Отметим, что уже этот блок формульных текстов требует от исследователя прочной теоретической базы и достаточно большого нотировочного опыта. Несмотря на то, что содержащаяся в нём информация касается, казалось бы, лишь вполне конкретного мелодического образца, за этим должно стоять знакомство с достаточно широким кругом типологически сходных вариантов, ибо блок этот по существу является своего рода выжимкой грамматических норм, их организующих. Гипотетически можно себе представить, что чрезвычайно одаренный и эрудированный исследователь способен выявить эти нормы на материале одного-единственного текста и по нему в какой-то степени реконструировать язык, для которого эти грамматические нормы актуальны. Однако это было бы скорее всего исключением, а правилом является то, что эти нормы выявляются путём анализа и сопоставления целого ряда типологически соотнесённых текстов. Безусловно, и состав, и методика выявления, и даже приёмы оформления данного «ключевого» блока неразрывно связаны со степенью зрелости и исследовательской эрудицией нотировщика.

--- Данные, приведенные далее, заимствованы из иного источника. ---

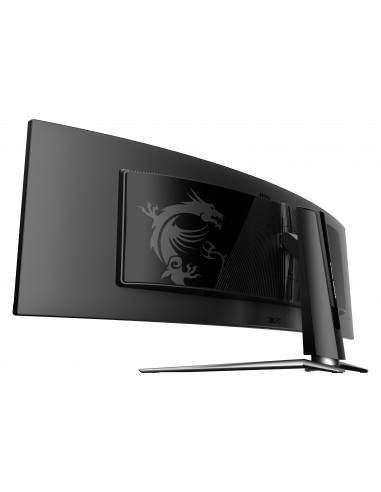 mpg-491cqpx-qd-oled-27.jpg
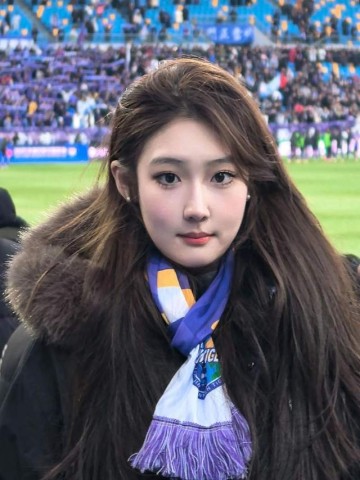 九游-中超16强巡礼·天津津门虎：-10分起步，于根伟的第六季能否扛住？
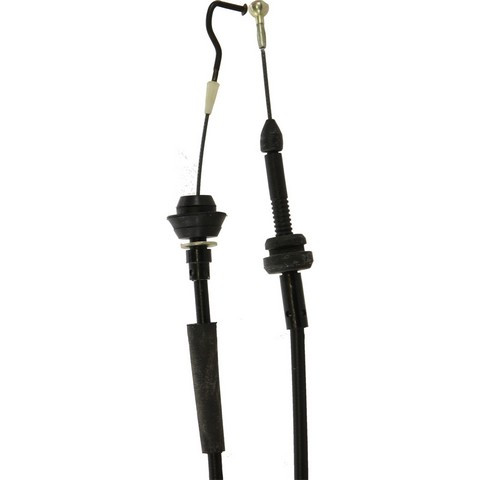 Pioneer Automotive Industries Carburetor Accelerator Cable CA-8523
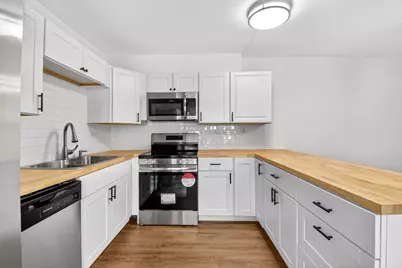 198 Lake Arbor Drive, Palm Springs, FL 33461 - Photo 6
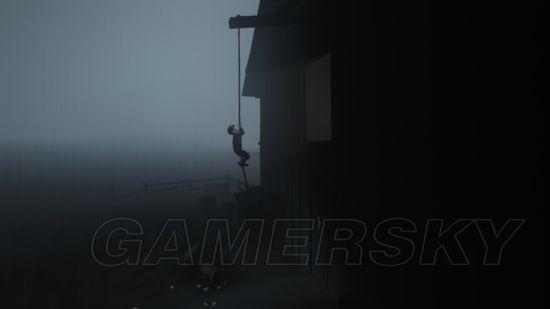 逗游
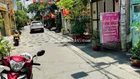 Bán nhà hẻm 6m Hòa Bình khu Tô Hiệu, P. Hiệp Tân DT 4mx17m giá 5,9 tỷ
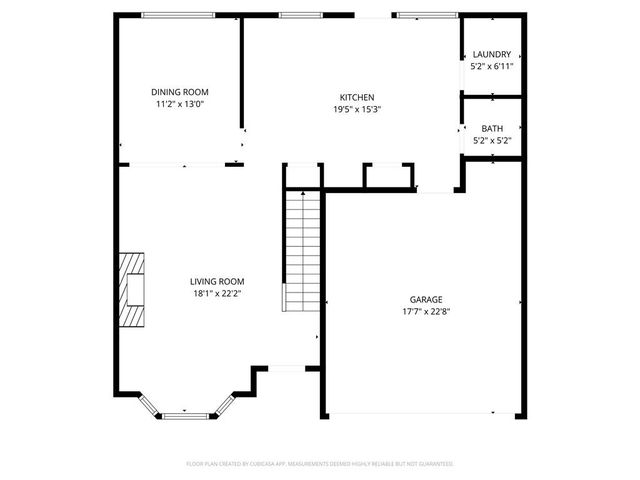 7078 Ravenwood Lane, Lithonia, GA 30038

Третий текстовый блок комплексной нотации — это традиционный аналитический комментарий к нотному образцу. В него входит вся та информация, которая не может быть выражена схематически. Это и сравнения с другими вариантами напева, и указания на степень типичности данного образца (вплоть до констатации его уникальности), а также любые другие аналитические данные.
И, наконец, ещё один блок сведений, совершенно необходимых для уяснения характера и индивидуальных особенностей записываемой музыки,— так называемый паспорт нотируемого образца, содержащий исчерпывающие сведения об условиях, месте и времени его фиксации (включая авторов фонозаписи и нотировки), а также «легенда», поясняющая контекстуально-ситуативные условия возникновения данного музыкального явления и его функционирования (исполнения).
Помимо перечисленных четырёх текстовых блоков, относящихся к единичному фольклорному образцу, в сборнике, в котором этот образец публикуется, желательно присутствие ещё двух аналитических блоков — более или менее развёрнутого текстологического исследования и системы указателей. Первый из них может быть реализован в рамках исследовательской статьи — вступительной или комментирующей, второй — как прилагаемый к сборнику справочный аппарат. В каждом из этих блоков читатель найдёт, помимо общей характеристики представленного в сборнике материала, весьма важные дополнительные сведения, касающиеся отдельных фольклорных образцов. В целом же это даст ему возможность отчётливо представить себе место, занимаемое каждым образцом в типологической структуре сборника и его взаимосвязи со всеми остальными публикуемыми материалами.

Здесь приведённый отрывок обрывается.